Un relevamiento oficial encendió las luces de alerta sobre el sistema educativo del interior entrerriano al confirmar que 21 escuelas rurales debieron cerrar sus puertas entre 2024 y 2025. Si bien las resoluciones se amparan bajo la figura jurídica de «cierres transitorios», la tendencia histórica muestra que año tras año la red de establecimientos públicos rurales viene sufriendo un marcado retroceso.
El fenómeno de despoblación escolar no distingue geografías y afecta a gran parte del mapa provincial. Actualmente, otras tres escuelas se encuentran en lista de espera, con solicitudes de cierre transitorio ya tramitadas en los departamentos La Paz, Paraná y Tala.
Radiografía del cierre: los departamentos afectados
La pérdida de presencialidad escolar golpea con diferente intensidad según la región, concentrándose el mayor impacto en el centro y oeste de la provincia:
-
Paraná: 6 escuelas cerradas.
-
Villaguay: 4 escuelas cerradas.
-
Nogoyá: 3 escuelas cerradas.
-
La Paz: 2 escuelas cerradas.
-
Con un establecimiento cerrado cada uno: Colón, Concordia, Diamante, Federal, Gualeguay y Victoria.
La postura oficial: natalidad y cambios en el modelo agropecuario
Desde el Consejo General de Educación (CGE), las autoridades argumentan que las clausuras temporales son una consecuencia inevitable de profundos cambios demográficos y estructurales que exceden a la propia escuela.
La directora de Educación Primaria de la Provincia, Mónica Schoenfeld, fundamentó la medida exponiendo dos variables estadísticas determinantes:
“Los cierres responden a la baja en la matrícula, producto de la caída en la natalidad, que es del 45% en los últimos diez años. Por otro lado, está la nueva configuración de la ruralidad: hubo una disminución del 35% en la cantidad de establecimientos agropecuarios por la concentración de más hectáreas en menos unidades productivas. Eso genera el desplazamiento forzoso de las familias del campo hacia las plantas urbanas”, explicó la funcionaria.
La voz de la oposición docente: políticas de ajuste y extractivismo
En la vereda de enfrente, sectores de la docencia y del gremialismo local rechazan la lectura estrictamente demográfica del Gobierno y denuncian un «abandono planificado» del arraigo rural.
El profesor y referente educativo Mauricio Castaldo apuntó directamente contra la orientación ideológica de las administraciones actual y nacional, vinculándolas con un modelo económico extractivista que expulsa al eslabón más débil de la cadena social:
“Claramente, hay una intención del gobierno nacional, acompañado del provincial, de tomar a la educación como un gasto. Se ha abandonado la preocupación histórica de llegar con la escuela pública a cada rincón rural. A esto se suma el avance del extractivismo y el saqueo de la tierra”, fustigó el docente.

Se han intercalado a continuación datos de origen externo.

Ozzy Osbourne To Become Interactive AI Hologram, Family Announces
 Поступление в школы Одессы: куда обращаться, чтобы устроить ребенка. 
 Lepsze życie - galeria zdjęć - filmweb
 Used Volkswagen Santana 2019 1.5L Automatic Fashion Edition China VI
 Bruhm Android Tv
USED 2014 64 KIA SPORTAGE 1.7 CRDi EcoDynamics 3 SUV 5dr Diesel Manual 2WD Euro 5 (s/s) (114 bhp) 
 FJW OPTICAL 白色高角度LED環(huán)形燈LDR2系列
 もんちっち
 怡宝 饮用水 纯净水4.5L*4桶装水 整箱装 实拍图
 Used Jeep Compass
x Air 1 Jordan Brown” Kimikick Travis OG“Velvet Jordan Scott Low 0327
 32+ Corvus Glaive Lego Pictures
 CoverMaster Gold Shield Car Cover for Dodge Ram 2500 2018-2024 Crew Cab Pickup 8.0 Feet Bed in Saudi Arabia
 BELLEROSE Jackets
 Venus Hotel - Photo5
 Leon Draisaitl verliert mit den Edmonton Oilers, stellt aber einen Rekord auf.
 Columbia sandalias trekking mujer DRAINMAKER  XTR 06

Castaldo ensayó además un análisis histórico de largo plazo para explicar la vacíamiento de las aulas camperas: “Es el efecto de políticas económicas que llevan más de cuarenta años. Desde la última dictadura hasta hoy el fenómeno estructural no cambió: la concentración de tierras en pocas manos favorece a grandes terratenientes y genera la expulsión sistemática de las familias de pequeños productores rurales”.
La polémica reactiva un debate histórico en Entre Ríos: si el Estado debe sostener abiertas las escuelas rurales con matrículas mínimas (en ocasiones de apenas uno o dos alumnos) para garantizar el derecho al arraigo y la conectividad social, o si la concentración urbana vuelve inviable el mantenimiento de estructuras edilicias y personal en parajes que se van quedando sin habitantes.